Wickes profit down by almost a quarter as sector struggles
Profit at British DIY and home improvement retailer Wickes fell by almost a quarter over the past six months as sales slowed across the entire home improvement market.
The London-listed company, which is headquartered in Watford, reported an adjusted pre-tax profit of £23.4m during the six months ending 29 June, 2024, down just under 25 per cent from £31.1m in the same period last year.
However, the group’s statutory gross profit declined just 1.7 per cent to £289.7m, and statutory profit before tax rose 8.5 per cent to £22.9m.
Wickes reported revenue of £799.9m during its first half, which, although down around three per cent year on year, the company said was a positive result given the ailing demand across the sector.
Its operational costs remained flat compared to the same period last year, driven by “planned management action” taken to mitigate the impact of inflation.
Even though sales slowed across the entire retail sector, the firm increased its market share, with particular gains in its decor, garden, tiles and flooring divisions.

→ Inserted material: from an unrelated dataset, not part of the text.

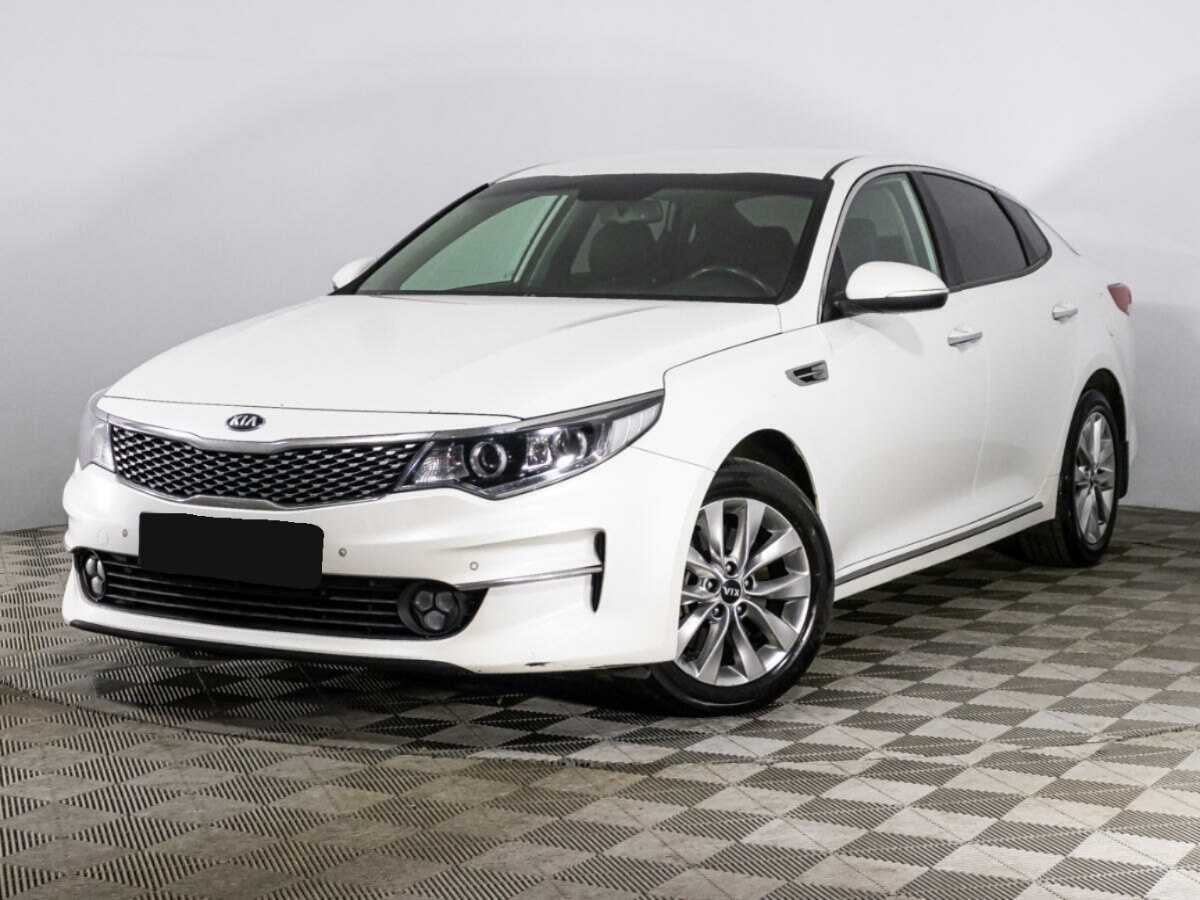 Купить Kia Optima, 2016, 189 283 км, фото №1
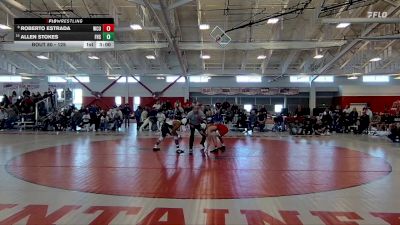 125 lbs Cons. Round 2 - Allen Stokes, Fort Hays State vs Roberto Estrada, Western Colorado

It saw a particularly strong increase in sales of its lower-priced own-brand kitchens, which were up 19 per cent during the six months.
David Wood, chief executive of Wickes, said: “This first half performance is testament to the hard work of all our colleagues and demonstrates the strength of our balanced business model.
“We achieved further volume growth and record market share gains in Retail, with TradePro remaining a key differentiator.
“The market for design and Installation remained tough during the half and Wickes was not immune; nonetheless, we have seen a positive response to our value-led Wickes Lifestyle Kitchen range, which is growing strongly.
“We are on track for the remainder of the year and have been encouraged by trading at the start of the second half.
“Looking further ahead, our outstanding customer offer, proven growth levers and focus on cost control leave us well-placed within a home improvement market which continues to offer significant opportunities.”